## BRIEF:
Start at the line in the entries below that contains "Foto 2 de Peugeot PARTNER PRO LG", stop at the line that contains "2 Magazines Taurus", and output exactly the lines in that span, both ends included.

─── INPUT DATA

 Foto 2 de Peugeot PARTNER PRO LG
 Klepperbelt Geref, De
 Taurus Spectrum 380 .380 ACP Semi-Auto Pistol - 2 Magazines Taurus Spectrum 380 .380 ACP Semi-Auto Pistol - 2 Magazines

──────
─── INPUT DATA

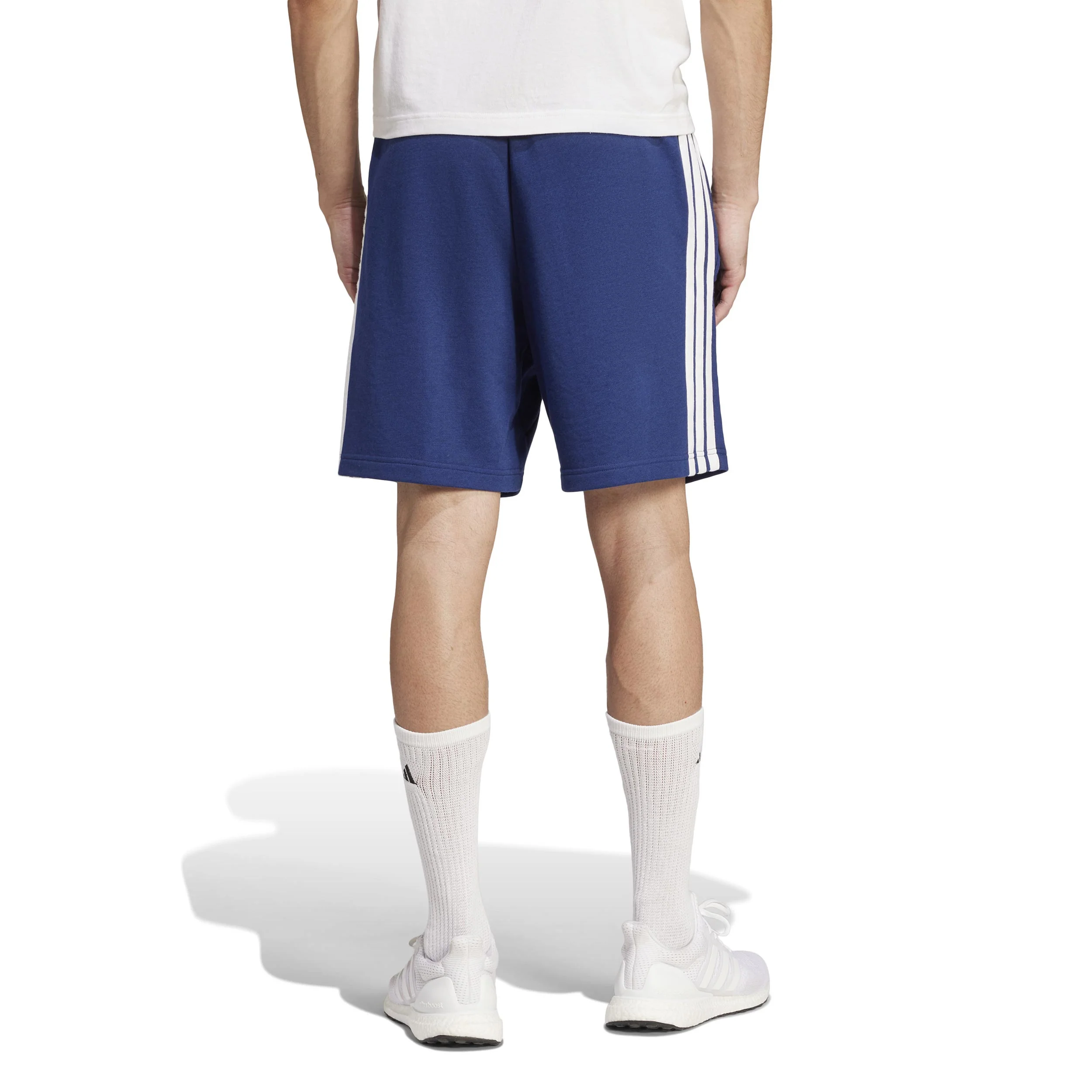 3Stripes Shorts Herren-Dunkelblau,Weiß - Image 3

──────

## RESULT OF THE TASK:
 Foto 2 de Peugeot PARTNER PRO LG
 Klepperbelt Geref, De
 Taurus Spectrum 380 .380 ACP Semi-Auto Pistol - 2 Magazines Taurus Spectrum 380 .380 ACP Semi-Auto Pistol - 2 Magazines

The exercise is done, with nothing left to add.